There was lots of room on top and the views were great. The summit register was so soggy we didn't even try to sign it. I wonder how many other parties have found the same thing, because there are not very many entries in the book -- just three pages since it was placed in 2002 by Fay Pullen.
We didn't wait long because it was a long ways out. The rap off the overhanging summit block was interesting, and we rapped again to avoid the steepest down climbing in the summit ridge gully. Then down the talus finger, over the rib, and an easier and faster traverse back to the road by staying close to the ridge line to avoid the gullies.
Now the fun begins and we head for our bikes . But Noooooo! Martin's front tire had somehow gotten a flat while it was laying by the side of the road . On top of that, neither of us had brought a patch kit or a pump. This was not going to be the quick thrill ride down to the car we expected. Martin made the best of it by shifting most of his weight onto the rear tire, and riding down slowly on the flat tire. But it was still 3-4 times faster than walking. We got back to the car at 6:30, 11 hours after starting out.
Don't underestimate this trip because of the access via a road and the short linear distance to the peak from the end of it. The traverse may go easier with spring snow covering the brush, but makes other parts more difficult. I highly recommend a fall trip, but bring enough water -- we were lucky to find a snow bank still there at the end of September. Most years that will not be true.

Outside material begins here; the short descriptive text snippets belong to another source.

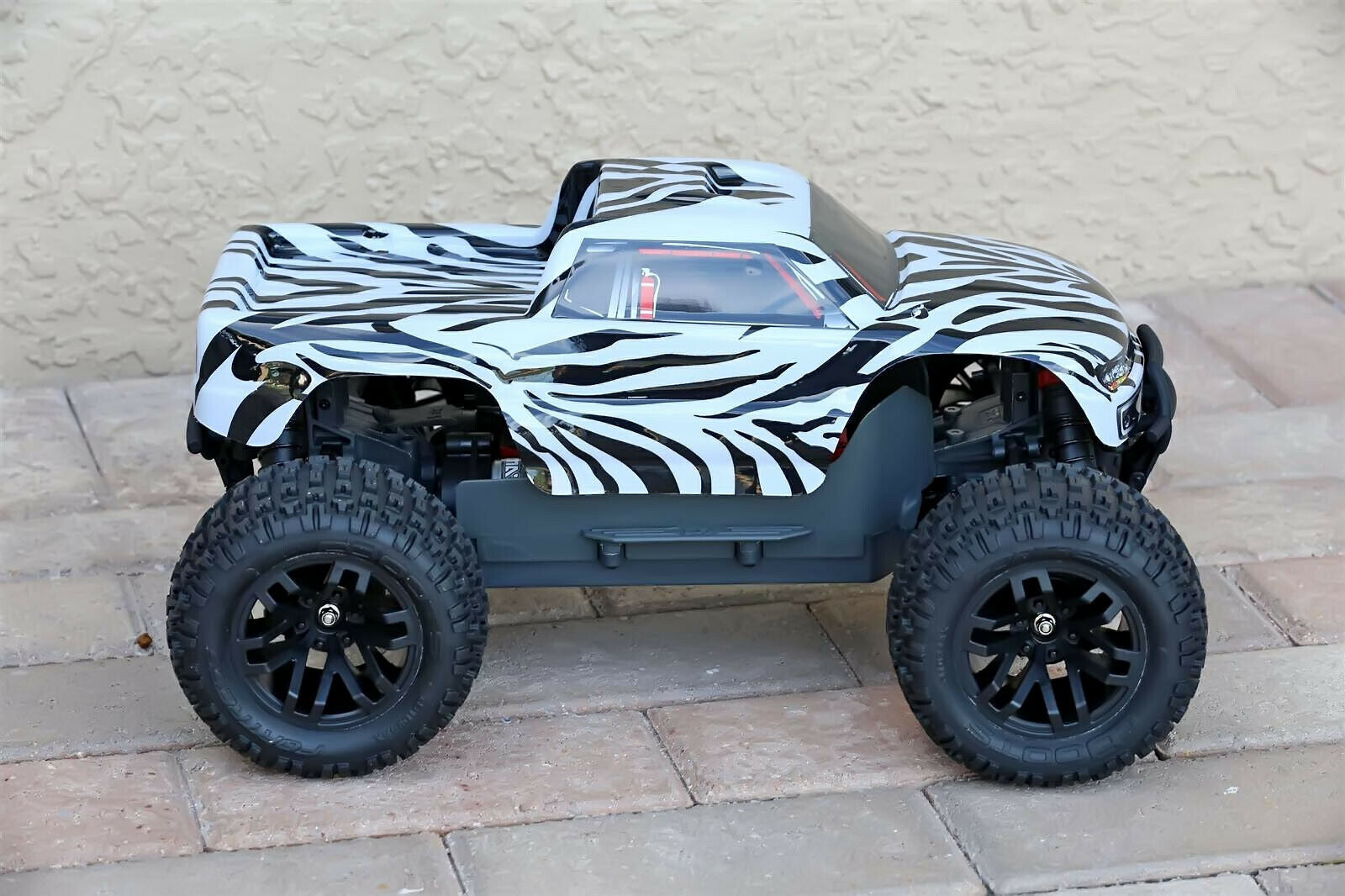 Custom Body Zebra Style for ARRMA GRANITE 4X4 2WD 3S BLX 1/10 Cover Shell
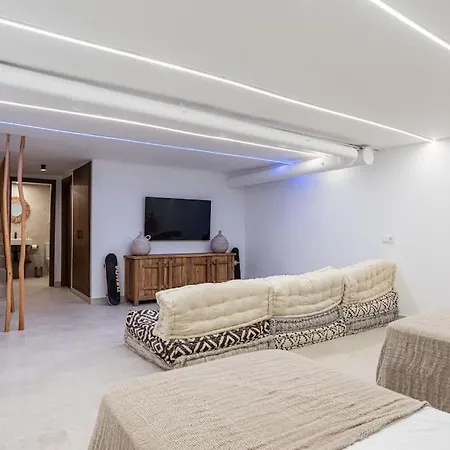 Ocean Beachside House With Pool 46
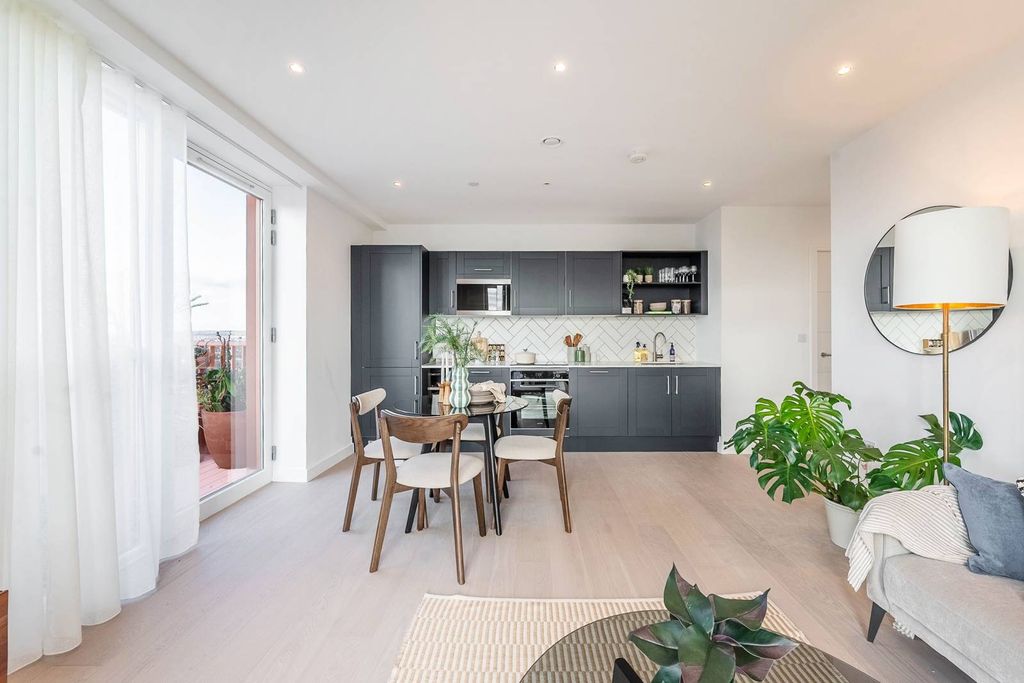 Property photo 3 of 20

I have had some thoughts about creating a website for the Middle Fork, and I miss midforc.org. If I do decide to do that, I'll want to launch it with a lot of content so in that sense yes, I'm "working" on it but I'd write up these trip reports anyway. The real answer is that I'm obsessed by the Middle Fork because it's close and wild and has a huge variety of things to do. Much of that is off trail, which is what I really enjoy. I don't like driving too far to get my hiking/exploring jones satisfied.